*What is being asked*: Start with the line that holds "HO Scale Branchline". Please copy it and each remaining line below exactly, leaving pictures out.

*Exercise material*:

--

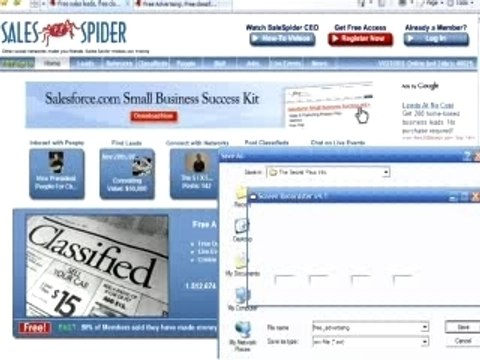 Free Advertising, Ads, Free Classifieds That Work!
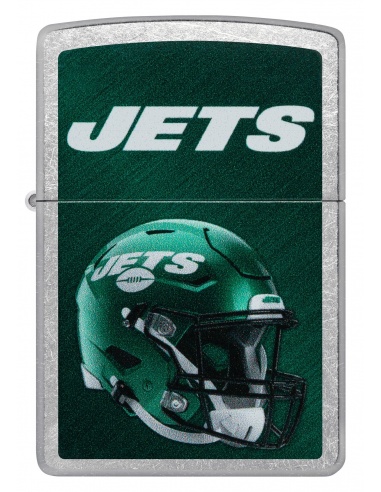 Brichetă Zippo 48443 NFL New York Jets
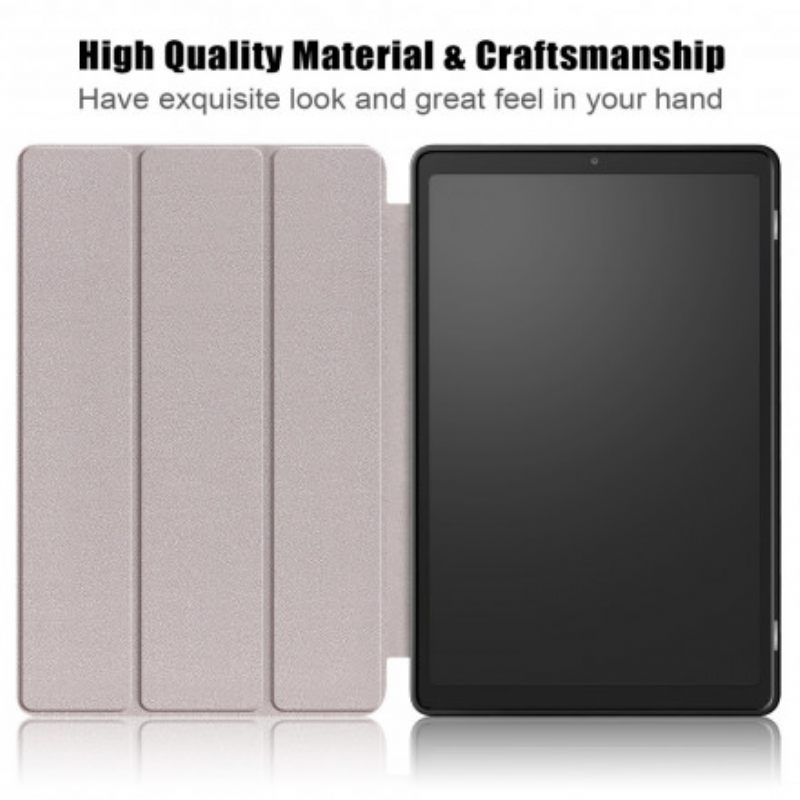 Puhelinkuoret Samsung Galaxy Tab A7 Vahvistettu Contours Space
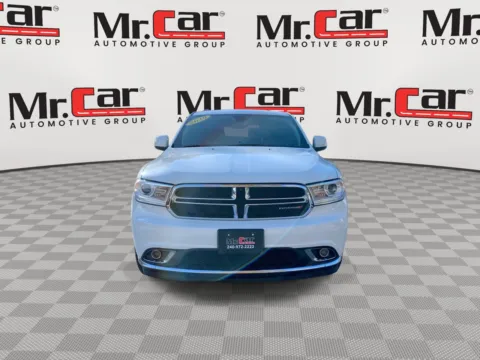 More photos of 2019 DODGE DURANGO SXT PLUS at Mr. Car of Brentwood, MD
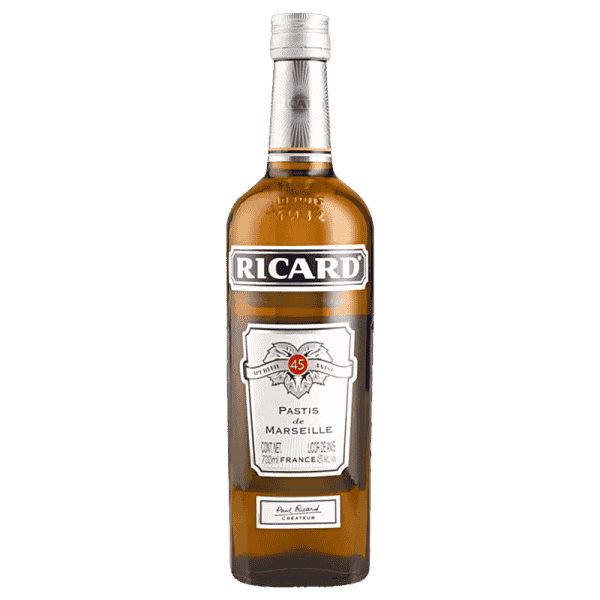 კაზინო - აპერიტივი პასტის მარსელი 0.35ლ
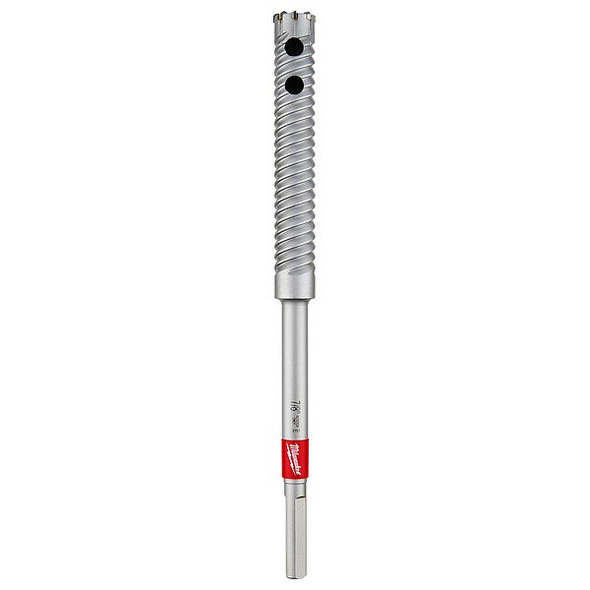 Milwaukee Tool Rebar Cutter Drill Bit,7/8 in Drill Bit 48-20-6785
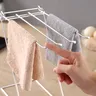 Cuisine 201 acier inoxydable chiffon support égouttoir… – vue 4
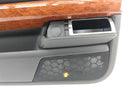 Volkswagen Phaeton Rear Left Door Panel-8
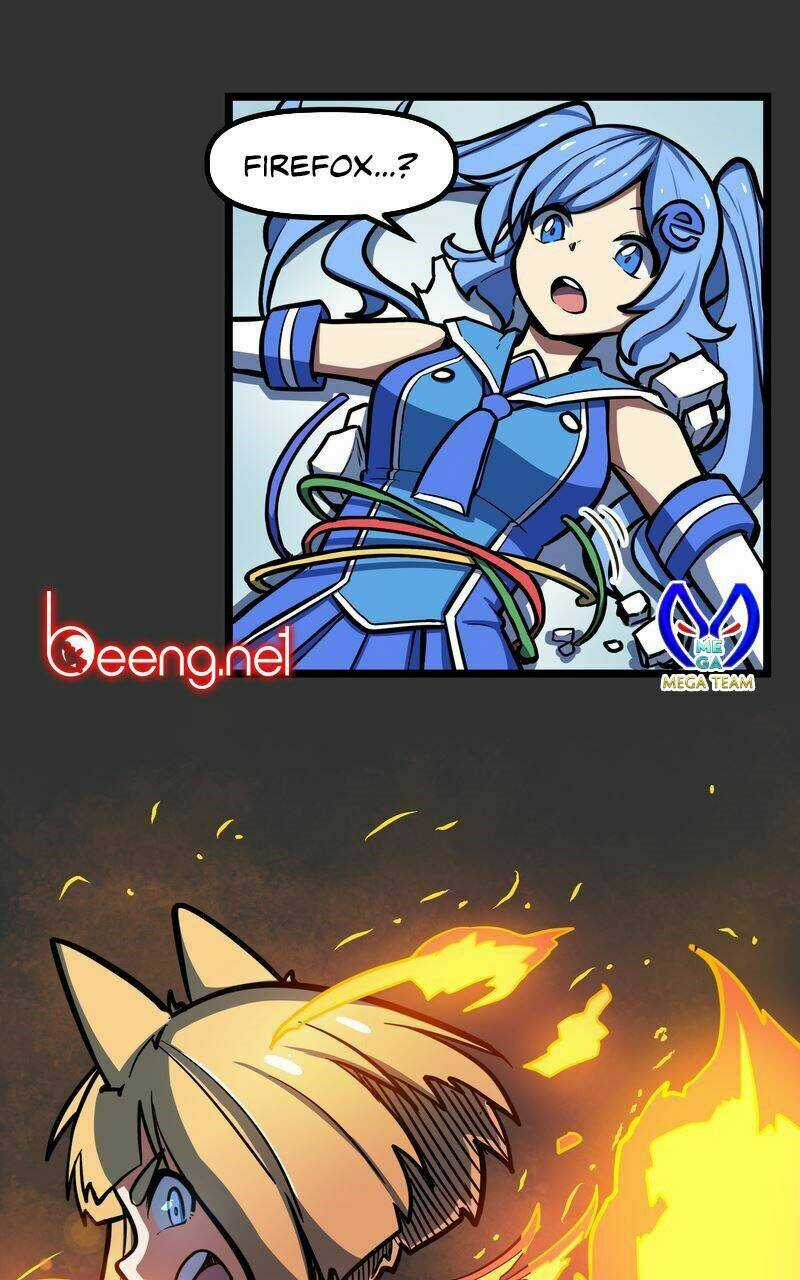 The Scum Of Good And Evil Chapter 10 trang 39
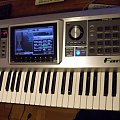Roland G6 FANTOM #RolandFantomInstrumentG6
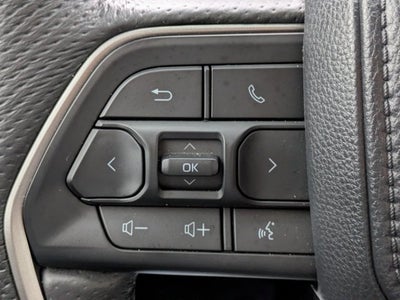 2024 Toyota Tacoma Hybrid TRD Sport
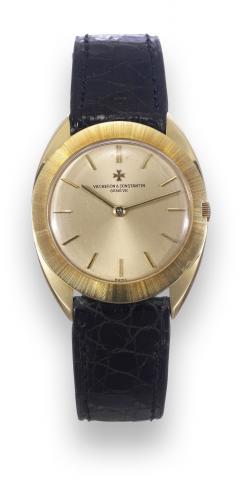 Vacheron & Constantin.Gen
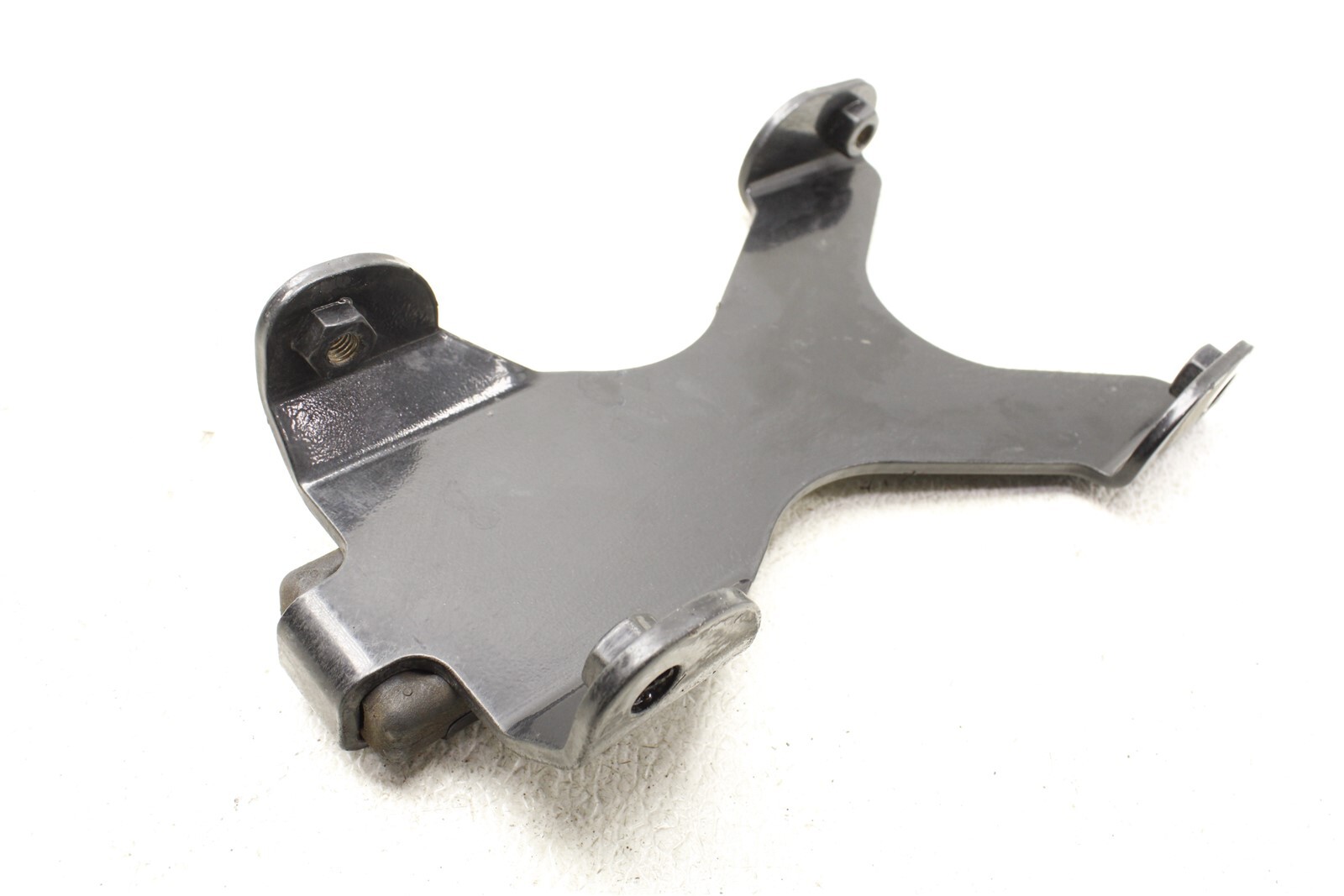 2003 Victory V92 Touring Deluxe Rear Subframe Mount Bracket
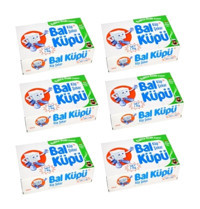 Bal Küpü Küp Şeker 6x1 kg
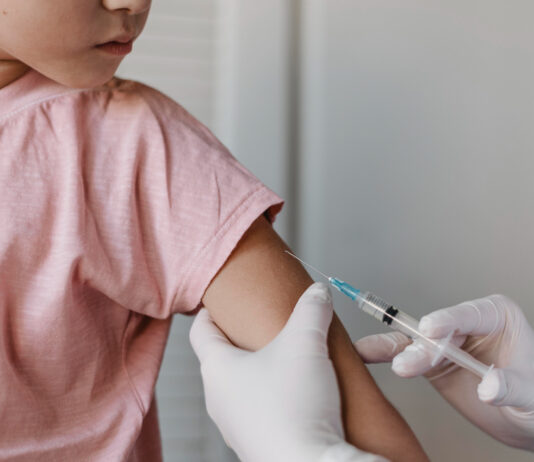 Sábado (26) será dedicado à Campanha de Vacinação em Itajaí: confira os locais e horários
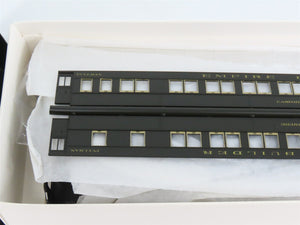 HO Scale Branchline Blueprint Kit 5351 GN Empire Builder 12-1 Sleeper Passenger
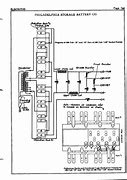 Image result for Old Radio Battery Eliminator Mechanism Diagramm
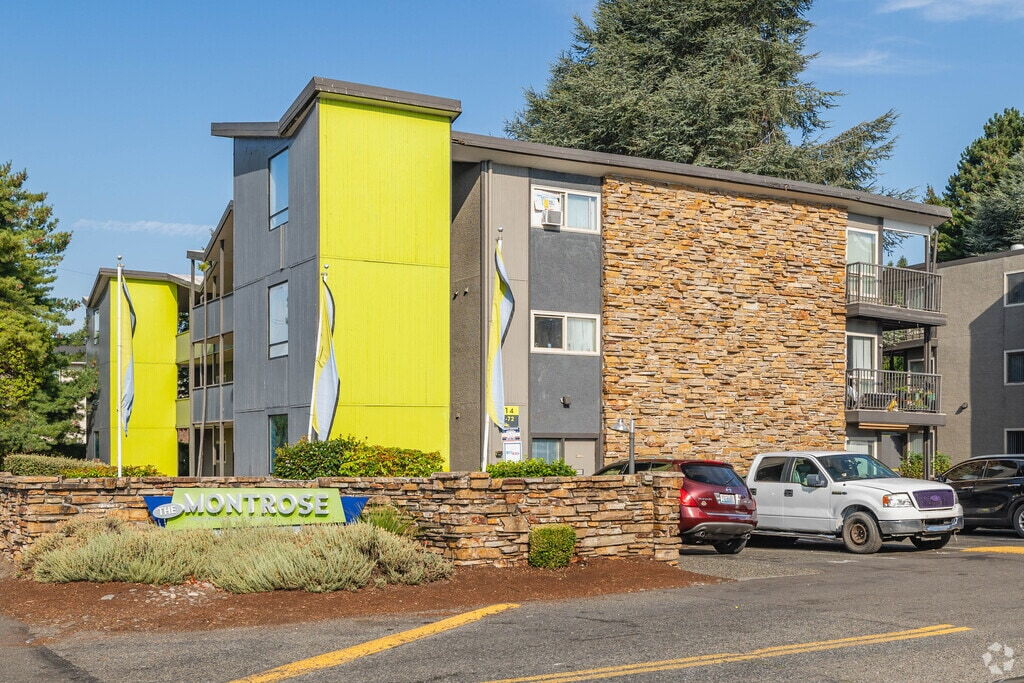 News | Private entity buys 97-unit apartment complex Near SEATAC Airport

--

*Task solution*:
 HO Scale Branchline Blueprint Kit 5351 GN Empire Builder 12-1 Sleeper Passenger
 Image result for Old Radio Battery Eliminator Mechanism Diagramm
 News | Private entity buys 97-unit apartment complex Near SEATAC Airport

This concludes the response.